Available data -
----

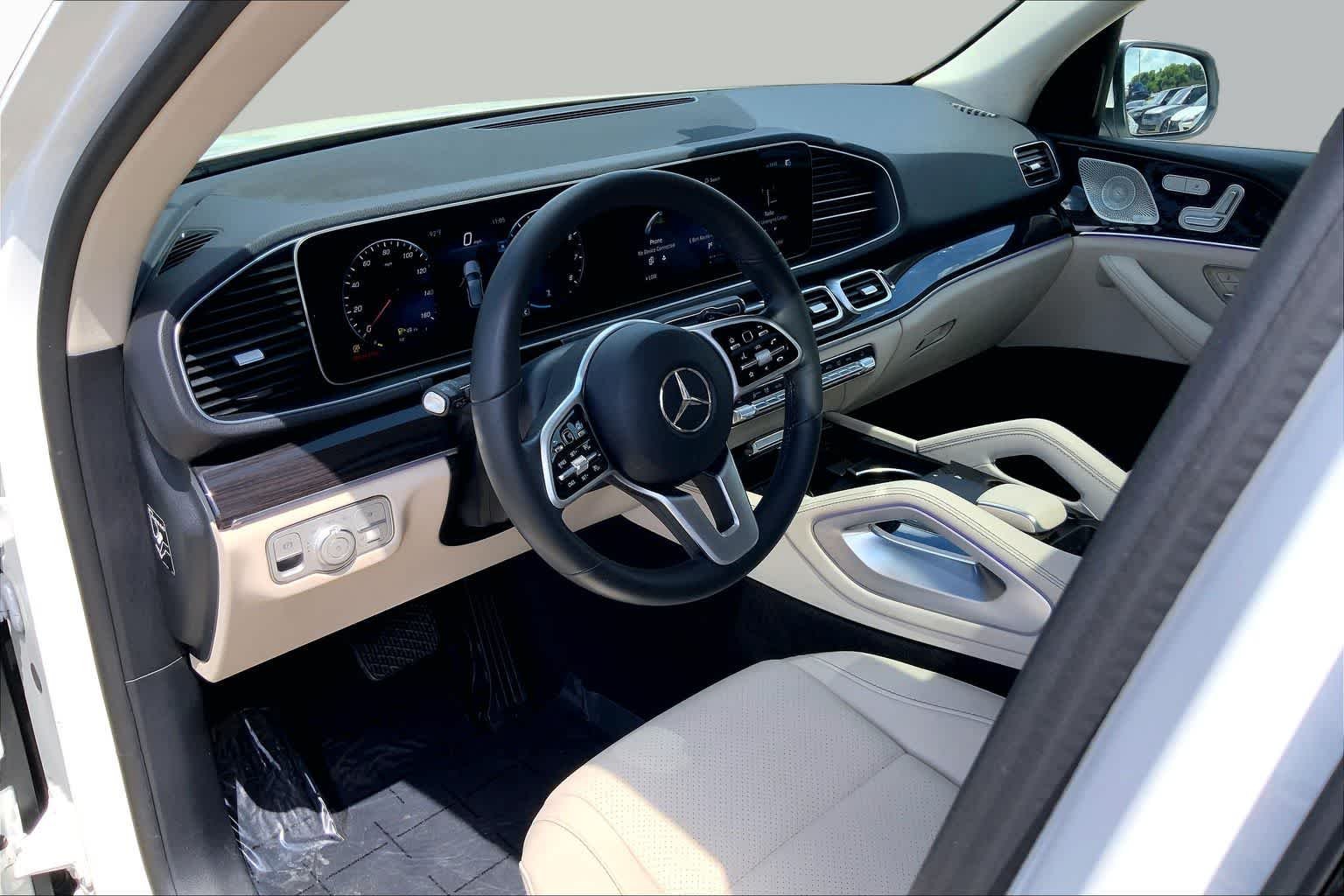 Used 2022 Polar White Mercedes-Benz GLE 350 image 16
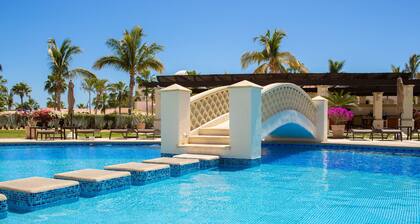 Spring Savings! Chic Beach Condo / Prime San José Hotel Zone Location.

----

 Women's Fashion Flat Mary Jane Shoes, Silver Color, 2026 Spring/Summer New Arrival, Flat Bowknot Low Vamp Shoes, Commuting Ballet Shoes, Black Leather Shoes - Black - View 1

----

Exercise aim - Among the entries above, locate the line with "Used 2022 Polar" and the line with "Spring Savings! Chic". Give those two lines and all lines between them again, exactly, leaving out the pictures.

Exercise answer -
 Used 2022 Polar White Mercedes-Benz GLE 350 image 16
 Spring Savings! Chic Beach Condo / Prime San José Hotel Zone Location.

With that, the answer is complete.